### [Task goal]
Beginning with the line below that contains "Rabbit_565's tweet photo." and ending with the line that contains "Kredit Super Mikro", copy every line exactly. Copy nothing else.

### [Supplied material]
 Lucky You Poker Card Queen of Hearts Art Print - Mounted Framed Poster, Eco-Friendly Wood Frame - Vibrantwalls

---

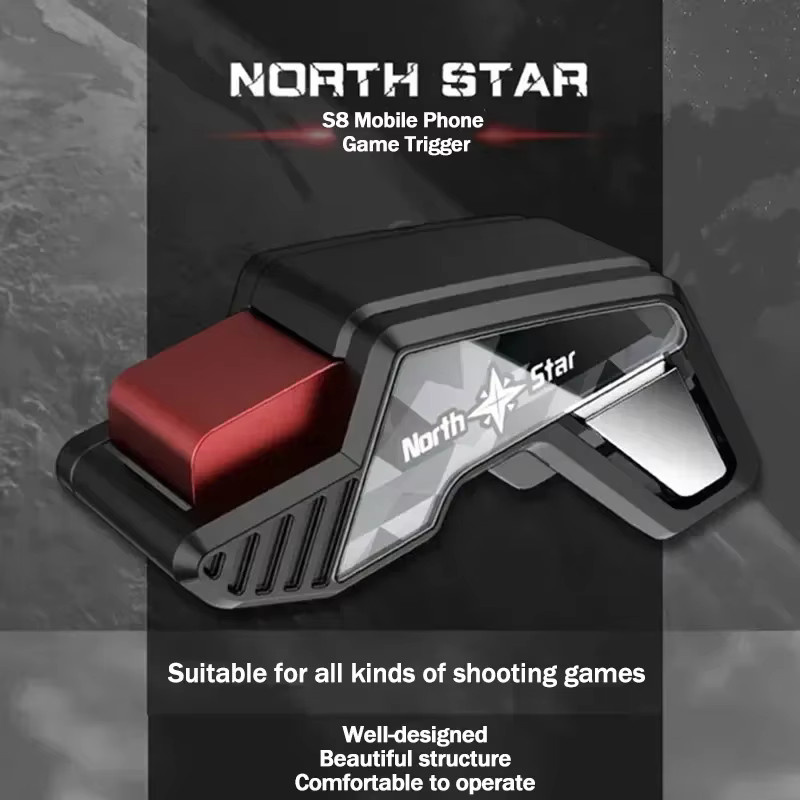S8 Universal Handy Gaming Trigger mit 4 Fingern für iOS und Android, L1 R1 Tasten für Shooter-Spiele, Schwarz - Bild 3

==

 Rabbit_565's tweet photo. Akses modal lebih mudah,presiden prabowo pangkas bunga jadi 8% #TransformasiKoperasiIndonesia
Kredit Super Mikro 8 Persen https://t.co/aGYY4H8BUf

### [Reply]
 Rabbit_565's tweet photo. Akses modal lebih mudah,presiden prabowo pangkas bunga jadi 8% #TransformasiKoperasiIndonesia
Kredit Super Mikro 8 Persen https://t.co/aGYY4H8BUf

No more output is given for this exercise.